Se dice que es necesario que todas las clases de ciudadanos cuenten con algunos de sus miembros en el cuerpo representativo, con el fin de que sus sentimientos e intereses sean mejor comprendidos y atendidos. Pero ya hemos visto que tal cosa no ocurrirá nunca bajo ningún sistema que deje al pueblo en libertad de votar. Donde se hace así, el cuerpo representativo, salvo tan pocas excepciones que no pueden influir en el carácter del gobierno, estará compuesto de terratenientes, comerciantes y profesionistas. Pero ¿existe el peligro de que los intereses y sentimientos de las distintas clases de ciudadanos no sean comprendidos o atendidos por estos tres tipos de hombres? ¿No sabrá y sentirá el terrateniente todo lo que afirme y favorezca los intereses de la propiedad rural? Y por su propio interés en esa clase de propiedades ¿no estará lo bastante dispuesto a resistir todo intento de perjudicarla o gravarla? ¿No comprenderá el comerciante y no estará inclinado a beneficiar, hasta donde sea oportuno, los intereses de las artes mecánicas y fabriles, con las que su comercio está tan estrechamente unido? Y el hombre de profesión, que se sienta neutral frente a las rivalidades entre las diferentes ramas de la economía ¿no será un árbitro imparcial entre ellas, dispuesto a ayudar a cualquiera, si esto le parece conveniente para los intereses generales de la sociedad?

Si tenemos en cuenta los cambios de humor y las diversas predisposiciones a que están sujetas ciertas partes de la sociedad, lo cual no debe pasar inadvertido para una buena administración, ¿por qué el hombre cuya sitUación le facilita llevar a cabo una extensa labor informativa y de encuesta ha de ser un juez menos competente de la naturaleza, intensidad y fdndamento de estas particularidades, que aquel cuyas dotes de observador no pasan más allá del círculo de sus vecinos y amistades? ¿No es natural que el hombre que es candidato a la confianza del pueblo y que depende de los sufragios de sus conciudadanos para seguir disfrutando de los honores públicos, cuide de informarse de sus humores e inclinaciones y esté dispuesto a que éstos influyan en el grado debido sobre su conducta? Esta dependencia y la necesidad de que el y su posteridad se hallen sometidos a las leyes que apruebe, son los vínculos más robustos de simpatía entre el representante y sus comitentes.

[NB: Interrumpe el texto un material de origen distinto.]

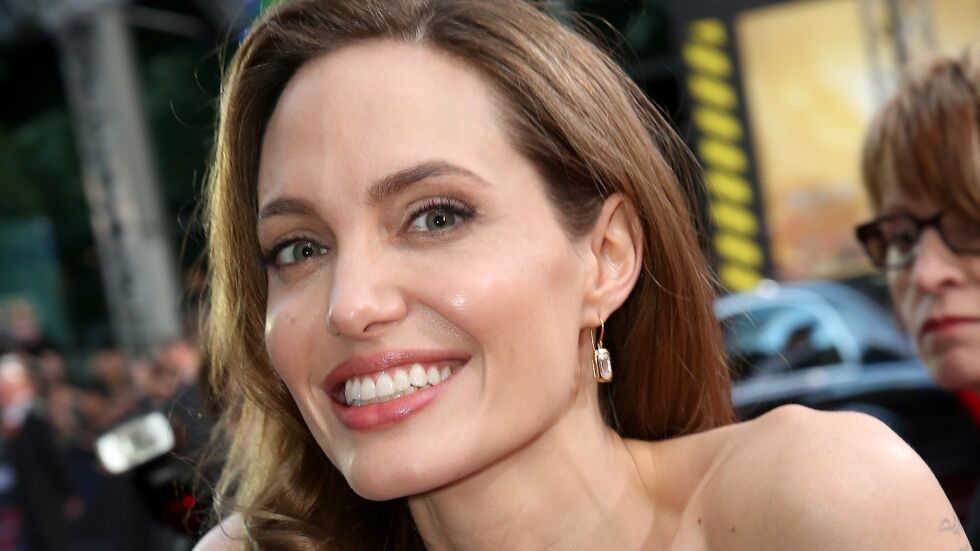 Анджелина Джоли иска децата й да станат политици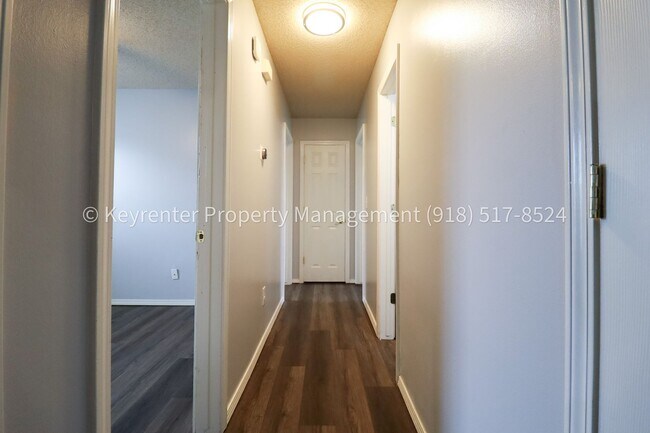 Building Photo - 3 Bed | 2 Bath in Owasso!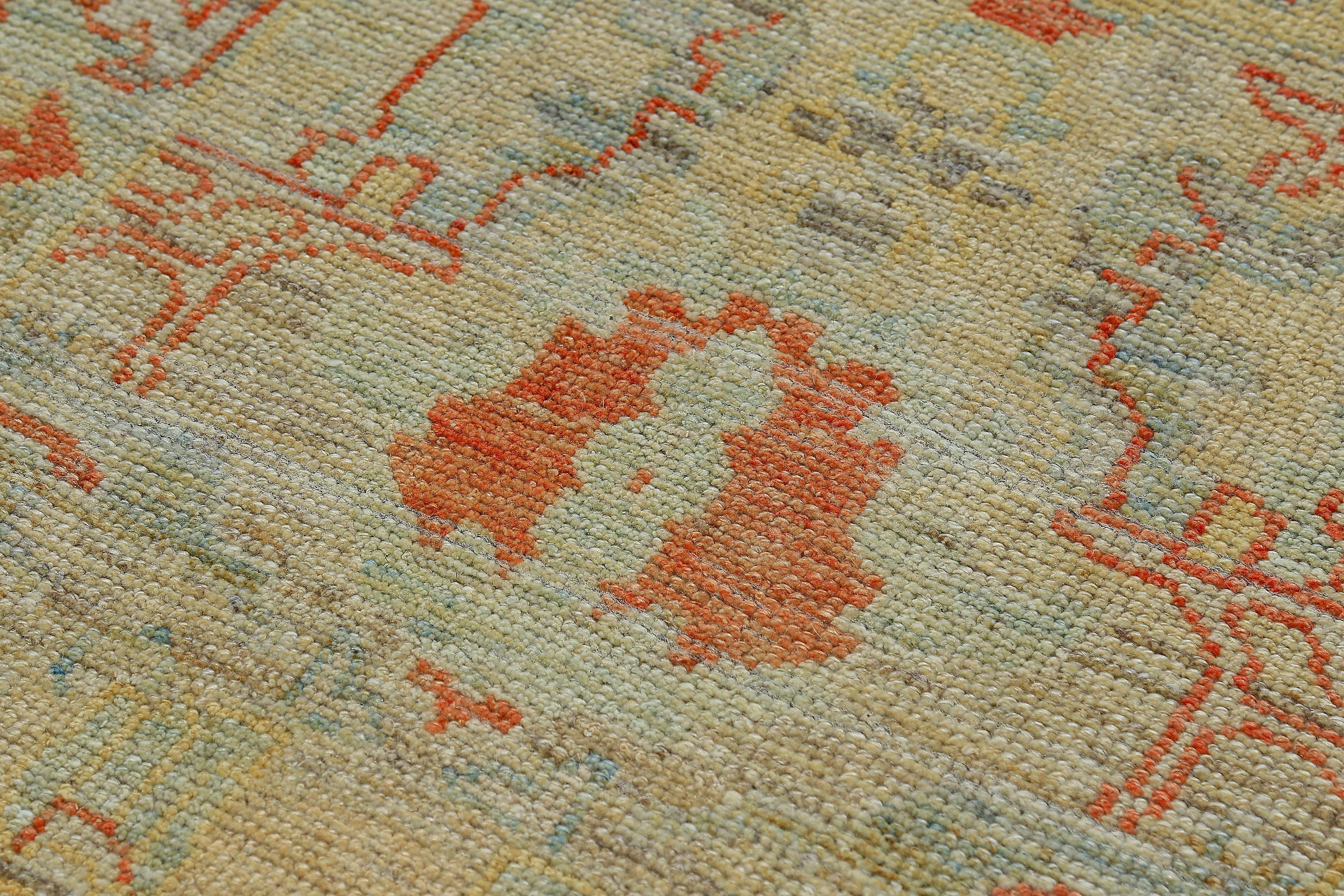 Türkischer Oushak-Teppich mit orangefarbenen und grauen floralen Details auf elfenbeinfarbenem Feld im Zustand „Hervorragend“ im Angebot in Dallas, TX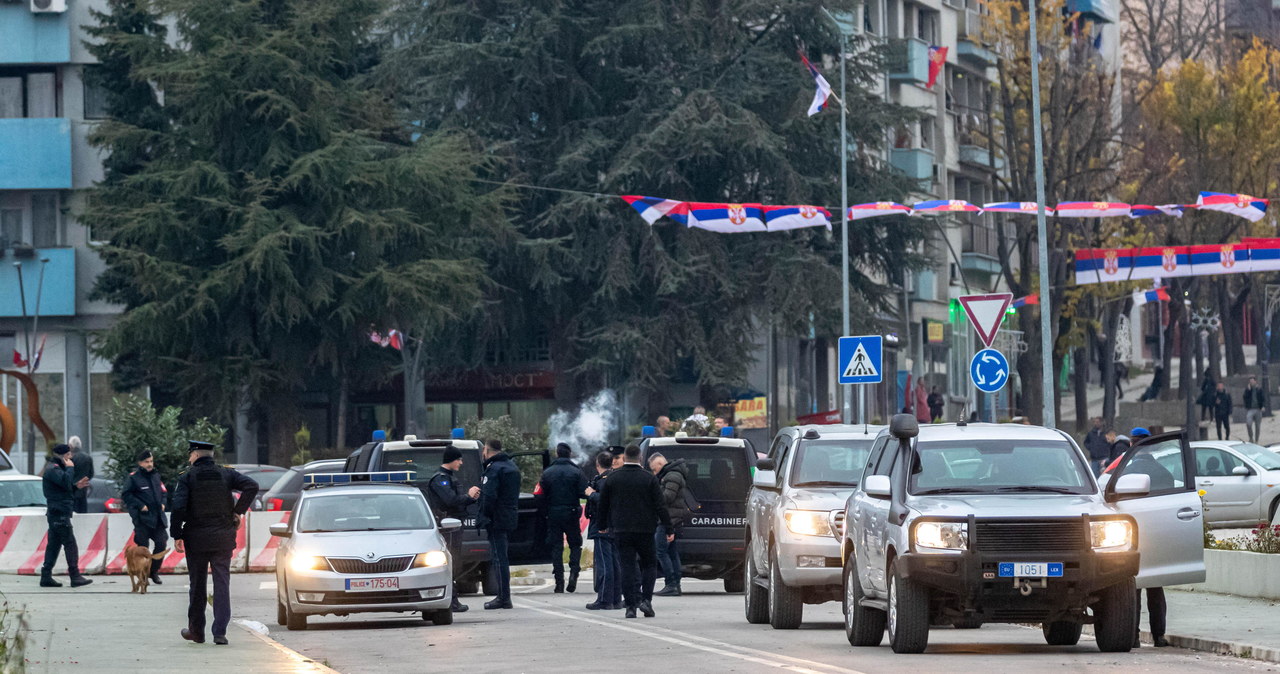 Ciężarówki na ulicach. Serbowie ustawiają barykady w Mitrowicy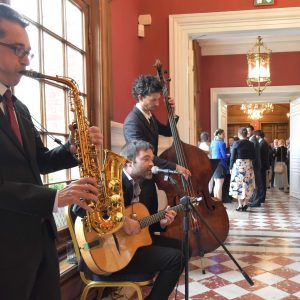 Trio jazz manouche, lors d'une animation musicale en entreprise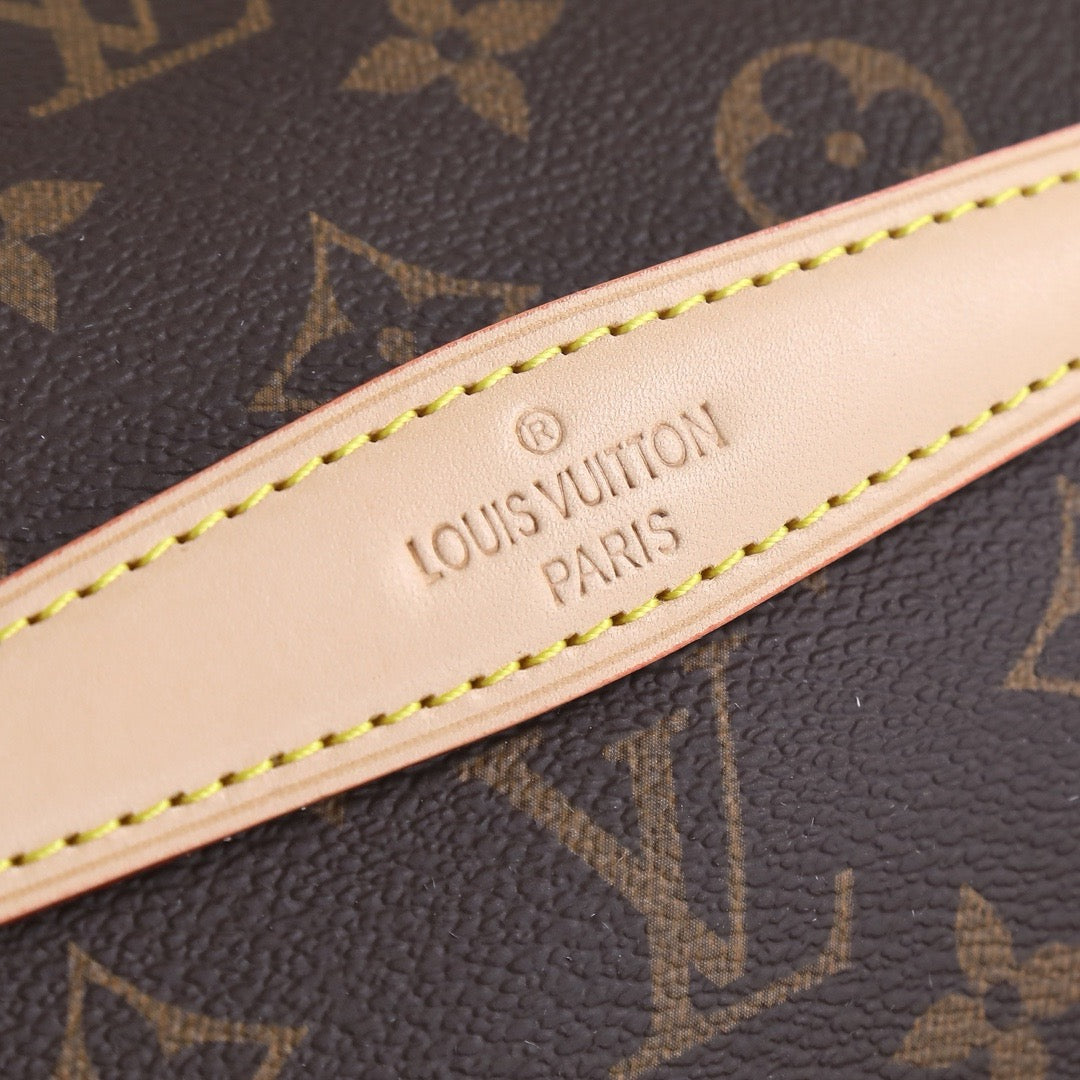 LOUIS VITTON - Monogram Bumbag Belt Bag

Ninguna parte de la administración gubernamental requiere tan extensa información y un conocimiento tan completo de los principios de la economía política como la materia de la tributación. El hombre que mejor entienda estos principios será el menos expuesto a recurrir a expedientes opresores o a sacrificar a una clase determinada de ciudadanos con tal de procurarse ingresos. Sería posible demostrar que el sistema hacendario más productivo será siempre el menos oneroso. No hay duda de que para ejercitar con prudencia la facultad impositiva es indispensable que la persona en cuyas manos se confíe se halle familiarizada con el carácter general, las costumbres y los modos de pensar del grueso del pueblo, así como con los recursos del país. Esto es todo lo que puede exigirse razonablemente cuando se habla de conocimiento de los intereses y los sentimientos del pueblo. Con cualquier otro significado esta proposición resulta vacía o absurda. Que cada ciudadano consciente juzgue por sí mismo, a la luz de ese significado, dónde será más probable encontrar las cualidades requeridas.

PUBLIO

(Se considera a Alexander Hamilton el autor de este escrito)




Notas

(1) En el texto revisado, y debido a la mayor desproporción entre su población y su territorio, es improbable que se conviena en un futuro próximo en un gran Estado manufacturero.